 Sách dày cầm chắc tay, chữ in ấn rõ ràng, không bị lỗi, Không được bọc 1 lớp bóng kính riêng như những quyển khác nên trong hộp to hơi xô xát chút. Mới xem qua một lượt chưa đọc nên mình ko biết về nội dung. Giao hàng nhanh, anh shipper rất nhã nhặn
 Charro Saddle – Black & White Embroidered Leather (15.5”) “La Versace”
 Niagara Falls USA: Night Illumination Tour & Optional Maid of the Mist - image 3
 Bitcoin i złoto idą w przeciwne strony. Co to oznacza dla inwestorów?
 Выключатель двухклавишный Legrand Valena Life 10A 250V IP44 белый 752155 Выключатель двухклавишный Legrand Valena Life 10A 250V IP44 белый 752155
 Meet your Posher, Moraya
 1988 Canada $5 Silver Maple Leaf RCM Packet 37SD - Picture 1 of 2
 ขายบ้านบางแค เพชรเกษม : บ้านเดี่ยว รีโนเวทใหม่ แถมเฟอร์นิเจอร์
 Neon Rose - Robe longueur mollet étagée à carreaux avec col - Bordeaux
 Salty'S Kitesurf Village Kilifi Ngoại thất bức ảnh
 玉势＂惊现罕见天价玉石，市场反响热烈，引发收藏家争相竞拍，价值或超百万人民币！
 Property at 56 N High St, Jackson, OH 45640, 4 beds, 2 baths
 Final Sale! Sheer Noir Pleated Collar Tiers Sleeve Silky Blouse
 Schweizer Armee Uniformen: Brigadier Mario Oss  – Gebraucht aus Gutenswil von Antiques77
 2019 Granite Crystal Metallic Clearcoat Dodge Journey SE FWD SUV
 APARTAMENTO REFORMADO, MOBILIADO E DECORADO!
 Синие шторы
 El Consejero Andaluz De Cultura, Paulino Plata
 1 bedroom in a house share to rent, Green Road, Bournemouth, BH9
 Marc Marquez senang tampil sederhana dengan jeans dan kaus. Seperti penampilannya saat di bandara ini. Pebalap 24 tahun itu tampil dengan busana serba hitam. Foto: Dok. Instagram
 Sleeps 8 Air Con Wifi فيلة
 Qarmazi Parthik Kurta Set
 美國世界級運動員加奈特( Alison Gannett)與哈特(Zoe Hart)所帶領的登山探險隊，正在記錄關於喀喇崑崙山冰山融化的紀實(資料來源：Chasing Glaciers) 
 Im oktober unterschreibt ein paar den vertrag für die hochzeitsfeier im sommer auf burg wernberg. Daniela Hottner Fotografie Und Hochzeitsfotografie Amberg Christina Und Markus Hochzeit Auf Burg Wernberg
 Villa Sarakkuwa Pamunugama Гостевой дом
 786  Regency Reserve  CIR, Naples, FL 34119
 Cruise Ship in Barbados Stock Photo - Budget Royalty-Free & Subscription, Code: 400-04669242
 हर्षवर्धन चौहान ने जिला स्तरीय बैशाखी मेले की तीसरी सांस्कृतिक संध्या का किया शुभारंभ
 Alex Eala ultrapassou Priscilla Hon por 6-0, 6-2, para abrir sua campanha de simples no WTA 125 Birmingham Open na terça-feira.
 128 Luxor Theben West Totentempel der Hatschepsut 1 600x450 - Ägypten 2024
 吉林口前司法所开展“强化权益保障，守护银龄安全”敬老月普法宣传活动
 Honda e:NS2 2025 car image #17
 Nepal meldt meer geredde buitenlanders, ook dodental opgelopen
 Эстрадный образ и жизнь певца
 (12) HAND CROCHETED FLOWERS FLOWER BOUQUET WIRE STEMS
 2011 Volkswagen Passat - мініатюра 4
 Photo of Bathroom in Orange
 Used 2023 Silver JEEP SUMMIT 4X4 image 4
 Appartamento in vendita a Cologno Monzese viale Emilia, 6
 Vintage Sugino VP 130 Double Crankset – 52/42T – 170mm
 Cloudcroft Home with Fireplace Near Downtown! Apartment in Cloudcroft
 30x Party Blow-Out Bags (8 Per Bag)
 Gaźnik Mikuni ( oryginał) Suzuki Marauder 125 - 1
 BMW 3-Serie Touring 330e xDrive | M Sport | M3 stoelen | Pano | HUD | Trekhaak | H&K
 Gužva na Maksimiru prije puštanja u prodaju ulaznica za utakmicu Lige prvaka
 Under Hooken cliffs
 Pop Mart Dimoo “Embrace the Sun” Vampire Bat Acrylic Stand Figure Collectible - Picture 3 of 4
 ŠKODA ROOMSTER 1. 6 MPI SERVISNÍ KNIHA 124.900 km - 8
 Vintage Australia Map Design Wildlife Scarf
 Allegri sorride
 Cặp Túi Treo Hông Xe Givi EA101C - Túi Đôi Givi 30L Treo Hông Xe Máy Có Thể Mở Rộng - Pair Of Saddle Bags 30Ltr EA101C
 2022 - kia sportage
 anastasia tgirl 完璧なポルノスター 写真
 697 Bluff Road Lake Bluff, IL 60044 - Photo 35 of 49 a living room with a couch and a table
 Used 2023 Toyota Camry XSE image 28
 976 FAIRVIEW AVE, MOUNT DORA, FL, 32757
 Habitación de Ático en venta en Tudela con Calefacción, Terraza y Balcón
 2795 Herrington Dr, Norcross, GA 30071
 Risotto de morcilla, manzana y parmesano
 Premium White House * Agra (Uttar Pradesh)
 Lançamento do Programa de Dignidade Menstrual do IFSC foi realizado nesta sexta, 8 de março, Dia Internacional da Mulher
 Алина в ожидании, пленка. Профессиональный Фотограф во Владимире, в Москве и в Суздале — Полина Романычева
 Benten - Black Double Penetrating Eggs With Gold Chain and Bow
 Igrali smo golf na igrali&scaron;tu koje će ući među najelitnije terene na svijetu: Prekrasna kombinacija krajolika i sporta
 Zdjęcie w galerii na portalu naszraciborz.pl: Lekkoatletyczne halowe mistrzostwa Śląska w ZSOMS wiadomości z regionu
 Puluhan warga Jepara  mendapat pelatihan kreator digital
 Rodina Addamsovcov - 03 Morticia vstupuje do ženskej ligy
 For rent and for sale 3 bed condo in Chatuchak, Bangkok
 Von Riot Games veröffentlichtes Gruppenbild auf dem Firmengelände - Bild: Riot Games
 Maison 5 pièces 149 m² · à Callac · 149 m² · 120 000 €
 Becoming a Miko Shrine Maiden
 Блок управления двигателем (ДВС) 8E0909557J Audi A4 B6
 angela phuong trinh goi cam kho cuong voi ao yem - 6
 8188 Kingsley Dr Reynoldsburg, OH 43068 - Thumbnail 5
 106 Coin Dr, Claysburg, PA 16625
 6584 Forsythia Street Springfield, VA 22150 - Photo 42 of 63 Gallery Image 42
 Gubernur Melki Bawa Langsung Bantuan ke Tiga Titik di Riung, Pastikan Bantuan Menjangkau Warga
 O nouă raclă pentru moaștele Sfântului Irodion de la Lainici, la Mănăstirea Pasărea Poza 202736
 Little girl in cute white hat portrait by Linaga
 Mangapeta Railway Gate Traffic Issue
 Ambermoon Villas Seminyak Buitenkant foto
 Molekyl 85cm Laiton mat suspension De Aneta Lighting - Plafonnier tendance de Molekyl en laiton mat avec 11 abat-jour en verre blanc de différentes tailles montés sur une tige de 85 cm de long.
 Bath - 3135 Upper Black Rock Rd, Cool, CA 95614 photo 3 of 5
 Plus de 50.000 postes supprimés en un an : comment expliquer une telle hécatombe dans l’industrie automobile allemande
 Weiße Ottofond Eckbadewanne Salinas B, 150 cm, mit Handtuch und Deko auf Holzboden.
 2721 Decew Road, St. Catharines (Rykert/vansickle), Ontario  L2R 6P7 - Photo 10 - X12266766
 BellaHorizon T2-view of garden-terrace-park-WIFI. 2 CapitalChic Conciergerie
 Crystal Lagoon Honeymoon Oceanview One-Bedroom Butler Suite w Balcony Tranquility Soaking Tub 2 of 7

WHAT THE TASK ASKS:
Within the material above, the line with "Habitación de Ático" opens the range and the line with "angela phuong trinh" closes it; reproduce that range word for word.

EXPECTED ANSWER:
 Habitación de Ático en venta en Tudela con Calefacción, Terraza y Balcón
 2795 Herrington Dr, Norcross, GA 30071
 Risotto de morcilla, manzana y parmesano
 Premium White House * Agra (Uttar Pradesh)
 Lançamento do Programa de Dignidade Menstrual do IFSC foi realizado nesta sexta, 8 de março, Dia Internacional da Mulher
 Алина в ожидании, пленка. Профессиональный Фотограф во Владимире, в Москве и в Суздале — Полина Романычева
 Benten - Black Double Penetrating Eggs With Gold Chain and Bow
 Igrali smo golf na igrali&scaron;tu koje će ući među najelitnije terene na svijetu: Prekrasna kombinacija krajolika i sporta
 Zdjęcie w galerii na portalu naszraciborz.pl: Lekkoatletyczne halowe mistrzostwa Śląska w ZSOMS wiadomości z regionu
 Puluhan warga Jepara  mendapat pelatihan kreator digital
 Rodina Addamsovcov - 03 Morticia vstupuje do ženskej ligy
 For rent and for sale 3 bed condo in Chatuchak, Bangkok
 Von Riot Games veröffentlichtes Gruppenbild auf dem Firmengelände - Bild: Riot Games
 Maison 5 pièces 149 m² · à Callac · 149 m² · 120 000 €
 Becoming a Miko Shrine Maiden
 Блок управления двигателем (ДВС) 8E0909557J Audi A4 B6
 angela phuong trinh goi cam kho cuong voi ao yem - 6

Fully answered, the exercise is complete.